Belarus is emerging as a critical new front in the war in Europe.
Poland, Lithuania, and Latvia have all rushed thousands of troops to their borders over the past few weeks in response to Belarusian military exercises in the west of the country. Officials from NATO countries tell Semafor they are also closely monitoring the influx of Wagner mercenary forces into Belarus, following their failed June uprising in Russia, and their training of Belarusian security services. And they’re concerned about Minsk’s growing ties with Russian ally Iran.
NATO and the Baltic states are particularly worried about the security of the Suwalki Gap — a land corridor on Poland’s borders with Lithuania that divides Belarus from the Russian territory of Kaliningrad. The territory has been the subject of NATO’s focus for decades, but the war in Ukraine and Wagner’s growing presence in Belarus has raised the stakes. Any Russian or Russian-backed incursion could divide the three Baltic states from the rest of NATO.
NATO and Middle East governments are also tracking Belarus’s growing military partnership with Iran amid evidence the two countries are preparing to build a drone-production facility on Belarusian soil. Belarus’s defense minister met his Iranian counterpart in Tehran late last month and signed a cooperation agreement aimed at strengthening each other’s defenses. Ukrainian and Israeli intelligence believe this includes the development of a drone factory, which could drastically increase Russia’s ability to hit Ukraine with loitering munitions.
“There was contact between Iran and Belarus and a cooperation agreement on drones was signed, but the Belarusians deny it for now,” a senior Israeli official briefed on the Belarus intelligence told Semafor. “This is a very concerning development that demonstrates Iran’s determination to undermine European security.”
Belarus has played a central role in aiding Russia since Vladimir Putin invaded Ukraine last February. This has included allowing the Russian military to launch offensive operations from Belarusian soil and store arms, possibly including tactical nuclear weapons. But Minsk’s partnering with the Wagner Group and Tehran is significantly escalating the threat to Ukraine and NATO.
NATO officials estimate that 6,500 Wagner forces have moved to Belarus from Russia since June, with more potentially coming. Minsk says the Wagner mercenaries are helping to train security forces. But Polish and Ukrainian officials say some have also been deployed to Belarus’s borders, and they’re concerned that Wagner forces could begin staging sabotage operations against Poland, Lithuania, and Latvia. All three countries are providing significant military support to Ukraine.
“The adversary may focus their activities on complicating the supply of military material and technical assistance to Ukraine from partner countries,” Lieutenant General Serhiy Nayev, commander of the Joint Forces of the Ukrainian Armed Forces, told Ukrainian radio on Monday.
The building of an Iranian drone production facility in Belarus would also significantly enhance Russia’s ability to hit Ukraine.

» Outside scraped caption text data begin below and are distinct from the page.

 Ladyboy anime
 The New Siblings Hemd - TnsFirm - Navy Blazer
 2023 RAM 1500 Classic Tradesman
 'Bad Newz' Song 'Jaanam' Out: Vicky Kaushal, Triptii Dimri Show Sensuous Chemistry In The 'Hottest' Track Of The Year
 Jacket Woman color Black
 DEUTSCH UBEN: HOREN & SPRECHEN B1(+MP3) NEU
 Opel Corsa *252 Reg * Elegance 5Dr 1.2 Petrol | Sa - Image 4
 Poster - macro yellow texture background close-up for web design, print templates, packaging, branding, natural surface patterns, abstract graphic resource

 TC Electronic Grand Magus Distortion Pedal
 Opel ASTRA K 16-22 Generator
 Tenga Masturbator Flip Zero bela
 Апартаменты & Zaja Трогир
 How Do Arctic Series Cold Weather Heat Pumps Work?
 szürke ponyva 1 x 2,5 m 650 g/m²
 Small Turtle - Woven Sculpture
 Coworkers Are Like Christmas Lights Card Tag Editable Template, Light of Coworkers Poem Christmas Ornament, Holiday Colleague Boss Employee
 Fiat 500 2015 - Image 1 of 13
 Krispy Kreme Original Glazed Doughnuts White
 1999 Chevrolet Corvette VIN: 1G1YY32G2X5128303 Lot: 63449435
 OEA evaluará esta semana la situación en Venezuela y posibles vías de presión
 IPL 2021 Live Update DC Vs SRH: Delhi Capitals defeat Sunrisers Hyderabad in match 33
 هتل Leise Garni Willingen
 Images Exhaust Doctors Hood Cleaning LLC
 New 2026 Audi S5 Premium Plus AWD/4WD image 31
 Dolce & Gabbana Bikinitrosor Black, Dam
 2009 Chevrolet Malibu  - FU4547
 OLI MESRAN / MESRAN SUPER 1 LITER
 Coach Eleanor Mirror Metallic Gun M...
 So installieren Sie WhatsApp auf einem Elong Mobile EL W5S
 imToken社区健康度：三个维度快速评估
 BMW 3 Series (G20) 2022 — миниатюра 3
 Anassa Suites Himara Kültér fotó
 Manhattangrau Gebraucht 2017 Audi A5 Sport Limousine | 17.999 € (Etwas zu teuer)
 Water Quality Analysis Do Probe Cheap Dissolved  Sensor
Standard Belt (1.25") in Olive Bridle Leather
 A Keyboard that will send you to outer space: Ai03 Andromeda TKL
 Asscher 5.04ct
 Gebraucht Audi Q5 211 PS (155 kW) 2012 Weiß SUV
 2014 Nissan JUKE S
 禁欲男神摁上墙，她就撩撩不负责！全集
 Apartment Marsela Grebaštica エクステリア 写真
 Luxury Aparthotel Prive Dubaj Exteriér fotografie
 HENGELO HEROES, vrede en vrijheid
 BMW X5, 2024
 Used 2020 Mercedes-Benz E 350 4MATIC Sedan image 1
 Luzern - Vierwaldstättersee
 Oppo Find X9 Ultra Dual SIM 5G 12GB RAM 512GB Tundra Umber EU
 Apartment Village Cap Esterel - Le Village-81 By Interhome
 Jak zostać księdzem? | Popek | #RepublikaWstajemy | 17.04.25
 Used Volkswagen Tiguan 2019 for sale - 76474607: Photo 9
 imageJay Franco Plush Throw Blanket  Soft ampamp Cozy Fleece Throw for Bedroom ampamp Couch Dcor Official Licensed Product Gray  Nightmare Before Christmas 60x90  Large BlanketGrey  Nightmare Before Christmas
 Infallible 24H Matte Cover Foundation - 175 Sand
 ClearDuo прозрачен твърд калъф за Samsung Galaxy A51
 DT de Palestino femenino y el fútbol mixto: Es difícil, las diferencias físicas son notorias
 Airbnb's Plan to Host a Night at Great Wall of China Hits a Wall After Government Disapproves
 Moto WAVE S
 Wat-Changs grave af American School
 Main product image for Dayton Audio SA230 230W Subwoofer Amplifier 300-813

Russia has been deploying Iranian-made kamikaze drones since last fall. Many of the drones, according to U.S. and NATO officials, were ferried from Iran to Russian forces over the Caspian Sea. And Russia has started building an Iranian drone production facility in the autonomous region of Tartarstan.
But a site in Belarus would allow the Kremlin to launch kamikaze drones from another front, and drastically increase its supply. Belarusian opposition groups have reported seeing Iranian engineers visiting the city of Gomel, which is near the Ukrainian border, alongside Russian intelligence officers in recent weeks.
And Belarus is receiving support from China as well. Beijing announced on Monday that Defense Minister Li Shangfu will visit Minsk this month to strengthen Belarusian-Chinese ties.
Room for Disagreement
Belarus described its military drills near the Suwalki Gap last week as designed to build on experiences learned from “the special military operation” — the term Putin has used to describe his war in Ukraine. Belarus’ defense ministry said the training included the “use of drones as well as the close interaction of tank and motorized rifle units with units of other branches of the armed forces.” Minsk has denied Polish charges that Belarusian aircraft violated Polish airspace as part of these drills.
Belarus and Iran both heralded their defense cooperation during last month’s visit by Defense Minister General Viktor Khrenin to Tehran, though they didn’t specifically mention the construction of a drone making facility. Khrenin “emphasized the potential for direct and indirect collaboration between the defense ministries of both nations,” according to Iranian state media.